Bid & Tender
GCC to Need $137bn Over Next 5 Yrs for Power Sector

Date : Feb 14, 2017

The Gulf Cooperation Council (GCC), whose power capacity needs to expand at an average annual pace of 8% during 2016-20, will require $137bn over the next five years for generation as well as transmission and distribution, according to Ventures Onsite.

 

Moreover, the GCC power construction contractor awards are to expand 14% year-on-year to $25.52bn this year, it said in a report. Recent years have seen a steady rise in levels of energy demand in the GCC due to population growth, urbanisation, improvements in income levels, industrialisation, and low electricity prices, it said, adding this trend looks set to continue in the coming years.

 

In order to meet this demand, the power capacity in the GCC, which according to Arab Petroleum Investments Corporation currently represents 47% or 148GW (Giga Watt) of the current Middle East and North Africa (Mena) power-generating capacity, needs to expand at an average annual pace of 8% between 2016 and 2020. “This will require $85bn for the addition of 69GW of generating capacity and another $52bn for transmission and distribution over the next five years,” the report said.

 

(The GCC) governments have increased water, electricity and fuel prices to ease the burden on state budgets, which are part of a broader programme that aims to liberalise domestic energy prices over the medium-term, it said.

 

Recently, there has also been a pressing need for a shift towards smart power grids, as smart grids can reduce the stress on the grid, defer the investments for upgrades, improve the power system efficiency, and reduce emissions.

 

“The elephant in the room for energy efficiency is the heavily subsidised unit cost of energy within the GCC,” Holley Chant, executive director, Corporate Sustainability at KEO International Consultants, said.

 

The Abdullah Bin Hamad Al-Attiyah Foundation for Energy and Sustainable Development November 2015 report found that this (energy subsidy) is as much as 66% for some GCC countries.

 

Given the promising development of low carbon infrastructural energy generation projects, the hidden costs of subsidised energy are reducing, Chant said.

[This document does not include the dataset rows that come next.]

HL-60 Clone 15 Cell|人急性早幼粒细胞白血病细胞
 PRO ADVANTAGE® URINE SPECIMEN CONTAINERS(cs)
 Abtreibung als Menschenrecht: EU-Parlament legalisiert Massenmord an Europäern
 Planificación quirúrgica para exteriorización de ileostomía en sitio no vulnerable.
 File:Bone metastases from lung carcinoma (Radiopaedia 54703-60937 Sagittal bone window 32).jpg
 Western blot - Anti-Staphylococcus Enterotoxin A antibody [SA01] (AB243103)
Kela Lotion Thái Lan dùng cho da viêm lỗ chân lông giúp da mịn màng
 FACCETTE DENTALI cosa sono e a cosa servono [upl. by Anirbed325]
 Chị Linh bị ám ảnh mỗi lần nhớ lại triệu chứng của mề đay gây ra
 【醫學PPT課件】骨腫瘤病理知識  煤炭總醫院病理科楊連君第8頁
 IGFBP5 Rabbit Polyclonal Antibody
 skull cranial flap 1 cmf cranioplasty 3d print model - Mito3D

Nonetheless, addressing this difference would be the strongest incentive, the KEO official said; adding since utility costs are rising, a clear road map of future financial impacts would further support this stimulus.

 

Currently, the GCC government organisations and businesses are also witnessing the benefits of renewables as a cost-effective and reliable power source. The GCC countries have all targeted that 10% of the power production comes from renewable sources of energy by 2020 and are rapidly moving towards realising this target.

 

The key to renewable energy development in the GCC region is solar power, as it is the single most abundant renewable source of energy available, the report said.